Accordingly, the water in the water circulation path 300 is kept in the water circulation path 300 until the water drops to a temperature close to the freezing temperature, so that the pipes and the flow path inside the apparatus can be kept warm with water having a high specific heat. It is possible to shorten the time required for the piping and equipment to be exposed to a temperature below the freezing point, to suppress the progress of freezing, and to collect water in the water circulation channel 300 when the water temperature decreases to a certain extent, thereby freezing the water. The resulting destruction of equipment and piping can be prevented, and the thawing operation time at the time of subsequent startup can be shortened.

[Brief description of the drawings]

FIG. 1 is a block diagram showing a configuration of a first embodiment of the present invention.

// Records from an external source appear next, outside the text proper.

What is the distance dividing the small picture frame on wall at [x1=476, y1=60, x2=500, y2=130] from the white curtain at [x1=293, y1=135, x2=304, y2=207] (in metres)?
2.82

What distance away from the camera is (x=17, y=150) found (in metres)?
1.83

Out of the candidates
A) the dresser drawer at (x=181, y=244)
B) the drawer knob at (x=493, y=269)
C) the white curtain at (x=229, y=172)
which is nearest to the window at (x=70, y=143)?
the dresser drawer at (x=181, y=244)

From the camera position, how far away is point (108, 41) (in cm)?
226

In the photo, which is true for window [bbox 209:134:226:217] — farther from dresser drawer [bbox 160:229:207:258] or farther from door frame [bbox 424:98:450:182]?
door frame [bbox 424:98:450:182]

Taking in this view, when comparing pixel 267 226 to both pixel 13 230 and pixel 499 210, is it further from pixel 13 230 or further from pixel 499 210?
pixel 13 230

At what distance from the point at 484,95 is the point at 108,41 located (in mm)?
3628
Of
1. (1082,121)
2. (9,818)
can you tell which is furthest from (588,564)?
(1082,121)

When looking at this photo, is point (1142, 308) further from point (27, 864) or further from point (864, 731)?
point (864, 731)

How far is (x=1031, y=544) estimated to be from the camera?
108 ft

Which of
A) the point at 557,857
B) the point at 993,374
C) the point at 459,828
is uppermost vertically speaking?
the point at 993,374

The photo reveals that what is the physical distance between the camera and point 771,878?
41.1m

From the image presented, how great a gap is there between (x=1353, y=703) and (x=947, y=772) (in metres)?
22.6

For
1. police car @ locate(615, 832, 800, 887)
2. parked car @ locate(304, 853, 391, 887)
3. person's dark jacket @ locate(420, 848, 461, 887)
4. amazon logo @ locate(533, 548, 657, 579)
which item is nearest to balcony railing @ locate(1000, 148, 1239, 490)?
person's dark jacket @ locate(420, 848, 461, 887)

FIG. 2 is a block diagram showing a normal operation state of the fuel cell system according to the embodiment.

FIG. 3 is a block diagram showing a battery heating operation state of the fuel cell system thawing apparatus in the embodiment.

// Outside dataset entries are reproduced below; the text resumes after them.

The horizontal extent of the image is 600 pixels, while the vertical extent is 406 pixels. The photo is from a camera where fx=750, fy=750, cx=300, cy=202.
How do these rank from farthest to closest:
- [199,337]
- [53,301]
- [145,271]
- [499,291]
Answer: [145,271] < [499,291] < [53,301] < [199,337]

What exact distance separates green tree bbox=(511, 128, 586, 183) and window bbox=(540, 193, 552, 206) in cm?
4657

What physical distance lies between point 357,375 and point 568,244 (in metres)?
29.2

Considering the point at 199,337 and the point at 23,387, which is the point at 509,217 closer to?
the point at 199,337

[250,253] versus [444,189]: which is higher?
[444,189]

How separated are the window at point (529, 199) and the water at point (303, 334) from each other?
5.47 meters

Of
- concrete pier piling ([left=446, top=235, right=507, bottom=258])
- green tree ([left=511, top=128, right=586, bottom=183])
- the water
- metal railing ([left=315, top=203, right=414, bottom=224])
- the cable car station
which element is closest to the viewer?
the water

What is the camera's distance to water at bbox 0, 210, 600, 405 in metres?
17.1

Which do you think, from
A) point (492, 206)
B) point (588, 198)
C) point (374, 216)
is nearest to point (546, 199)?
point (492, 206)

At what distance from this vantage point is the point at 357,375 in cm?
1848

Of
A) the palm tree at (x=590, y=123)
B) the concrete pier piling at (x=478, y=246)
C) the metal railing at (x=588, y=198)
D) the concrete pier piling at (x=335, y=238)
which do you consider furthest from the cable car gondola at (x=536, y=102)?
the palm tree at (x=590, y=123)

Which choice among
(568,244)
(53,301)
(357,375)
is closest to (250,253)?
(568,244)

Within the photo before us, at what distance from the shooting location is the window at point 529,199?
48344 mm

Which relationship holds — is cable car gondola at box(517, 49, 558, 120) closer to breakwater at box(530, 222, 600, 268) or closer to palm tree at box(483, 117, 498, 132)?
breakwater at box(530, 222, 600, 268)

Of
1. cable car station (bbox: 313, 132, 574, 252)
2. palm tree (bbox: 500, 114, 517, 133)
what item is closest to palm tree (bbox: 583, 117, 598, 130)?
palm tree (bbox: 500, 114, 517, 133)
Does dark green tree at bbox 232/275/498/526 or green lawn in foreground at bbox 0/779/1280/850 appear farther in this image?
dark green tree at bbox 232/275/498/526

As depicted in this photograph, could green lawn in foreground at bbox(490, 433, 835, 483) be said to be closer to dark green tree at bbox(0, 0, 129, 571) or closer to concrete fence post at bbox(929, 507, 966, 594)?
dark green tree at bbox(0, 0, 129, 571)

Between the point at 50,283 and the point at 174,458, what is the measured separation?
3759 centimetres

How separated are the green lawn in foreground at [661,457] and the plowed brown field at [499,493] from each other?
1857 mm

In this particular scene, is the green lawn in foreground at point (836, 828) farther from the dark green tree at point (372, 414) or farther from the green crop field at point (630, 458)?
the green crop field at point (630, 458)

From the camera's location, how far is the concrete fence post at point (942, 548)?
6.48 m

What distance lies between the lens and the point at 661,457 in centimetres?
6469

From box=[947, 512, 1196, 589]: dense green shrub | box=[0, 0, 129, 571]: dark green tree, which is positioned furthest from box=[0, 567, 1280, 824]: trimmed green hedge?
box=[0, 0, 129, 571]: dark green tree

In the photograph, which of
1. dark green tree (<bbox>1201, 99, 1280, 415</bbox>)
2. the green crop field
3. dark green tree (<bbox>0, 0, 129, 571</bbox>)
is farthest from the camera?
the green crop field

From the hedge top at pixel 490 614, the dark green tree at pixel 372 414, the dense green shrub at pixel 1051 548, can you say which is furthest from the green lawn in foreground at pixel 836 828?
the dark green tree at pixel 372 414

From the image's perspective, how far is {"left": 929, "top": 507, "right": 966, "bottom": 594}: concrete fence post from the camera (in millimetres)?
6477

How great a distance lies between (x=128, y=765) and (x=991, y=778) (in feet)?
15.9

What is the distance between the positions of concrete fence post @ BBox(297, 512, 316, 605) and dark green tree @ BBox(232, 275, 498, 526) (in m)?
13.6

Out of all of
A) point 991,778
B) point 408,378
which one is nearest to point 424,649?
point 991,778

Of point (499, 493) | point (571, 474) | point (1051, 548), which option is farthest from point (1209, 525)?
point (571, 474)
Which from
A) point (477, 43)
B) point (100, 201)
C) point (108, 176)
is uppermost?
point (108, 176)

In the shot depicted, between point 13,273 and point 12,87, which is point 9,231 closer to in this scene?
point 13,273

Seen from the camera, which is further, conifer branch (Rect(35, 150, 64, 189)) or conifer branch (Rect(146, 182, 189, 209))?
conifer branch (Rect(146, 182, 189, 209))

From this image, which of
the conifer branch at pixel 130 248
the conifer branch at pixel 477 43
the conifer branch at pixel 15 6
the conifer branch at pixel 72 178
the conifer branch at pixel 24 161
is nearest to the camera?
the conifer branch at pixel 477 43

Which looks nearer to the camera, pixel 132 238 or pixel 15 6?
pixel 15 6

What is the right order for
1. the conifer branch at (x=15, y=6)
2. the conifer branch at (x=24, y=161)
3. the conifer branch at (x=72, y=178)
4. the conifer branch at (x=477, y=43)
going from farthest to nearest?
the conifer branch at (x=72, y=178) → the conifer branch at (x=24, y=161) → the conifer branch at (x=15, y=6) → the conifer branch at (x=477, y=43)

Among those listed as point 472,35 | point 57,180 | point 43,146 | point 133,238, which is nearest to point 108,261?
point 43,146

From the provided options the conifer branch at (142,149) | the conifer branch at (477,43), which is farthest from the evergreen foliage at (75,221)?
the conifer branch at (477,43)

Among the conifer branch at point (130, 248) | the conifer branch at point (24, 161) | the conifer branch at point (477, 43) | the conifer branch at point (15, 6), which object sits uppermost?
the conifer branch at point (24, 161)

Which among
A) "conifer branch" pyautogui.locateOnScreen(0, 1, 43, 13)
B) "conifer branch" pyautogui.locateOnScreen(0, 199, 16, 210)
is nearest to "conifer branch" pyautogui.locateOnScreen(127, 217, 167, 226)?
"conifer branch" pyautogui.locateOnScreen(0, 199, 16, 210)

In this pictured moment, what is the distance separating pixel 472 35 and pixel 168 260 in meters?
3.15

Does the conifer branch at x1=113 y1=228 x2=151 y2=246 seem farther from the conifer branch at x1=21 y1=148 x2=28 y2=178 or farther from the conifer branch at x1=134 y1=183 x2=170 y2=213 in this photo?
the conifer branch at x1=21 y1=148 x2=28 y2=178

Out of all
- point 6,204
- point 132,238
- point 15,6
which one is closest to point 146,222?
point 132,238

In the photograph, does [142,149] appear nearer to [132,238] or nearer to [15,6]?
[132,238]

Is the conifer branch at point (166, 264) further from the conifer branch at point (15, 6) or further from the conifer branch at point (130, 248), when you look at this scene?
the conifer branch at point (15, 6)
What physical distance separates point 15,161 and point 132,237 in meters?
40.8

FIG. 4 is a block diagram showing a thawing operation state of the fuel cell system thawing apparatus in the embodiment.

FIG. 5 is a block diagram showing a configuration according to a second embodiment of the present invention.

[Explanation of symbols]

 DESCRIPTION OF SYMBOLS 1 Compressor 2 Fuel cell 5 Condenser 7 Reformer 10 Condenser 13 Cooling water tank 14 Pump 26 Heater 27 Battery 28 Duct 40 Drain valve 42 Water tank 43 Water temperature sensor 50 Temperature sensor 51 Controller 100 Battery heating flow path 200 Pipe heating Channel 300 Water circulation channel

Claims (3)

[Claims] 1. A fuel cell, wherein a hydrogen-rich reformed gas generated by a reformer is supplied to an anode side of a fuel cell and air sent from an air compressor is supplied to a cathode side of the fuel cell to generate electric power by a cell reaction. In the system, an air heater that heats air sent from the air compressor by a combustion exhaust gas of the reformer, and a battery as a flow path of air that has been heated by passing through the air heater, heating a battery, A battery heating flow path returning to the reformer and a piping heating flow path for heating equipment and piping other than the battery and returning to the reformer; a temperature detecting means for detecting a representative temperature of the fuel cell system; When the representative temperature detected by the detecting means is lower than a predetermined reference temperature, the representative temperature is higher than the reference temperature in the battery heating flow path. In such a case, the fuel cell system decompression device includes an air flow path switching means for switching the flow path so that the heated air passing through the air heater flows through the pipe heating flow path. 2. The fuel cell system thawing device according to claim 1, wherein the temperature detecting means detects the temperature of the battery as the representative temperature. 3. A water flow path pipe, a water temperature detection means for detecting a water temperature of the water flow path pipe, and a water temperature detected by the water temperature detection means while the fuel cell system is stopped is lower than a predetermined reference water temperature. 3. The fuel cell system according to claim 1, further comprising: a water draining unit configured to drain water in the water flow path pipe and in a device located in the water flow path pipe when the temperature of the fuel cell pipe becomes low. 4. Thawing device.